As a hint for $f(x)$, pick a nice value of $y$, say $y=0.5$. Is $f$ continuous at $0.5$? You have that $|f(x)-f(y)|=|f(x)-0.5|=0.5$ whenever $x$ is irrational. Notice that for any $\delta>0$, there is always an irrational in the interval $(0.5-\delta,0.5+\delta)$. So if $\epsilon=0.4$, for any delta you could always find an irrational $x$ satisfying $|x-0.5|<\delta$, giving $|f(x)-0.5|>\epsilon$, a contradiction. So $f$ is not continuous at $0.5$.

Something interesting happens for $x$ near $0$ though...

A function of one variable $f(x)$ continuous at point $x=p$ if for any given $\epsilon>0$ there exists a $\delta >0$ (where $\delta$ is permitted to depend on $\epsilon$) such that for all $x$ in the interval $(p-\delta, p+\delta)$, $|f(x) - f(p) < \epsilon$.

Let's try that for the first function you present.

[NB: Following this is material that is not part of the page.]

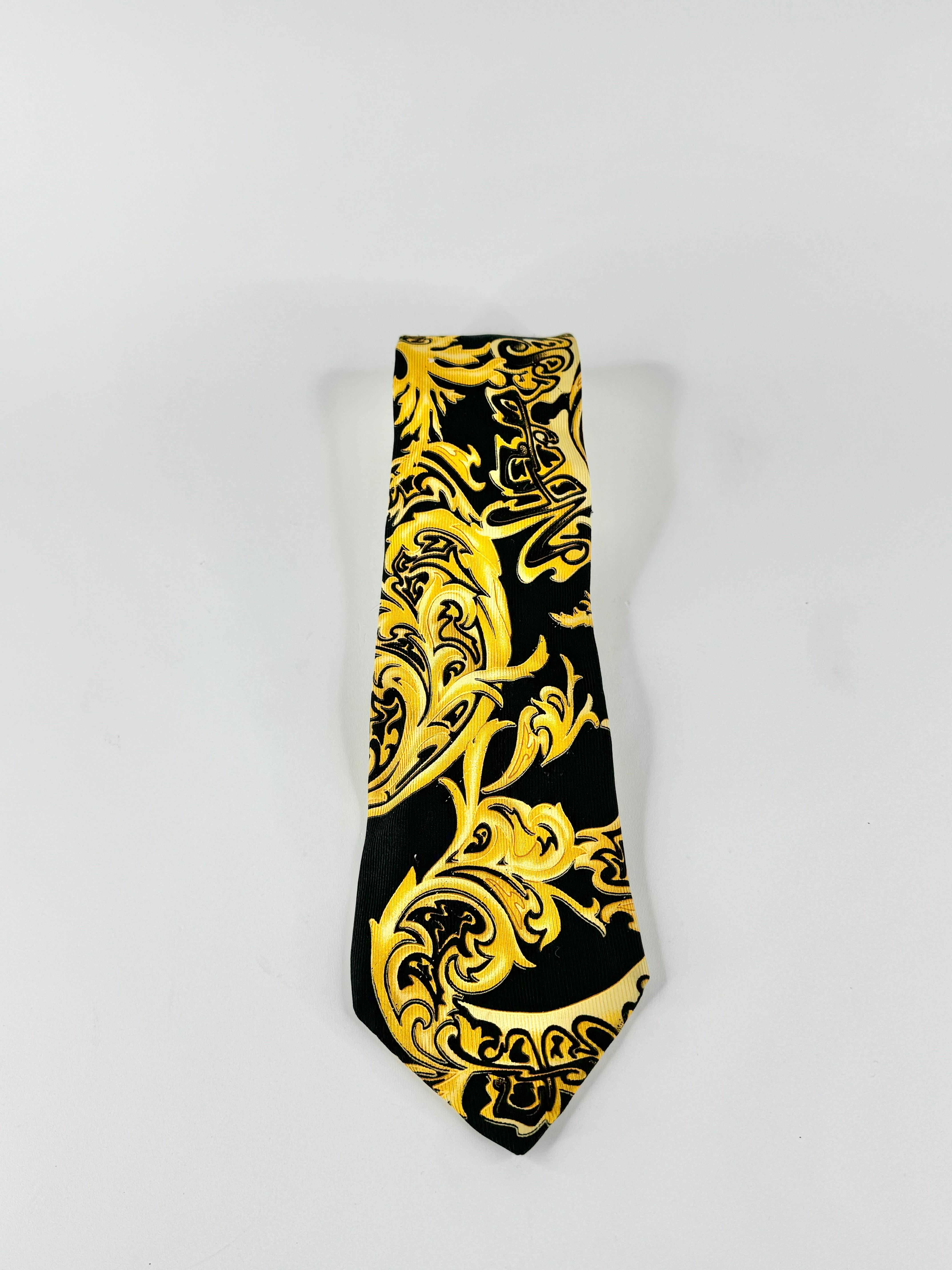 Versace Black & Gold Brocade Pattern Silk Tie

If $p$ is rational and non-zero, then any neighborhood of $p$ will have points with $x$ irrational and $f(x) = 0$, so choosing $\epsilon = p/2$ we see that the definition of continuity at $p$ cannot be met. And if $p$ is irrational any neighborhood of $p$ will contain points with $x$ rational and arbitrarily close to $p$ so that $f(x)$ will be arbitrarily close to $p$, yet $f(p) = 0$. Again choosing $\epsilon = p/2$ shows that $f(x)$ is not continuous at $x=p$.

But now look at $x=0$. Then for any $\epsilon < 0$, if we choose $\delta = \epsilon/2$, every point $x$ with $-\delta < x < \delta$ has $$|f(x) - f(0)| = |f(x)| \leq |x| \leq \delta = \epsilon/2$$ and this demonstrates that $f(x)$ is continuous at $x=0$ (and nowhere else).

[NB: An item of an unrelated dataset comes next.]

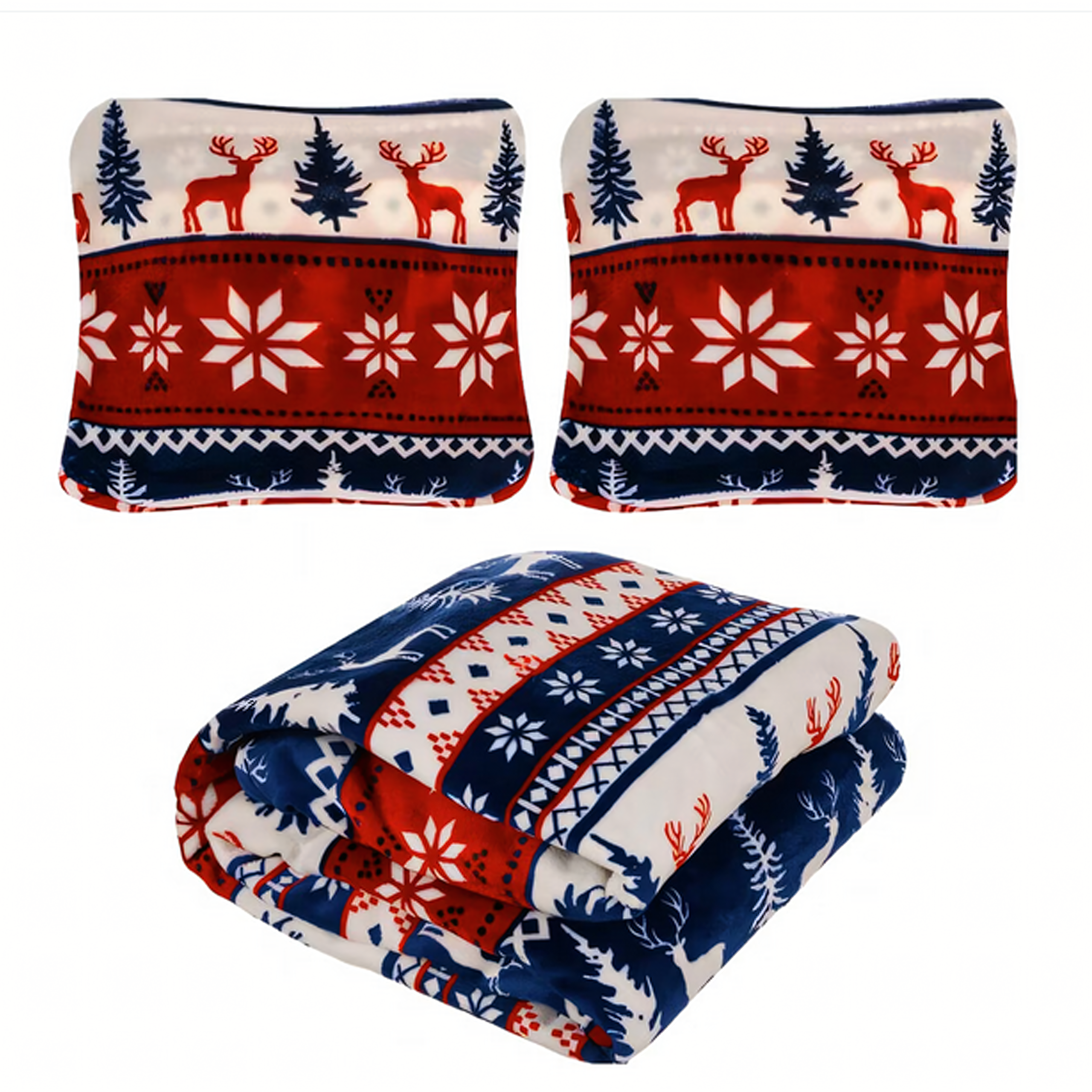 Gruby Koc Świąteczny Miękki Narzuta 2 Poszewki Ciepły na Prezent 160x200 cm - obrazek 11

Now look at $g(x)$. For $x$ not an integer, the same arguments that show $f(x)$ is non-continuous apply to $g(x)$. Now consider any integer $x = n$, including zero. At all rational points $n < x < n+\delta$, $0 < g(x) < \delta$. Yet for all rational points $n-\delta < x < n$, $1-\delta < g(x) < 1$. This makes it impossible to find a $\delta$ small enough to demonstrate continuity for any $\epsilon < 1$.

So $g(x)$ is discontinuous everywhere.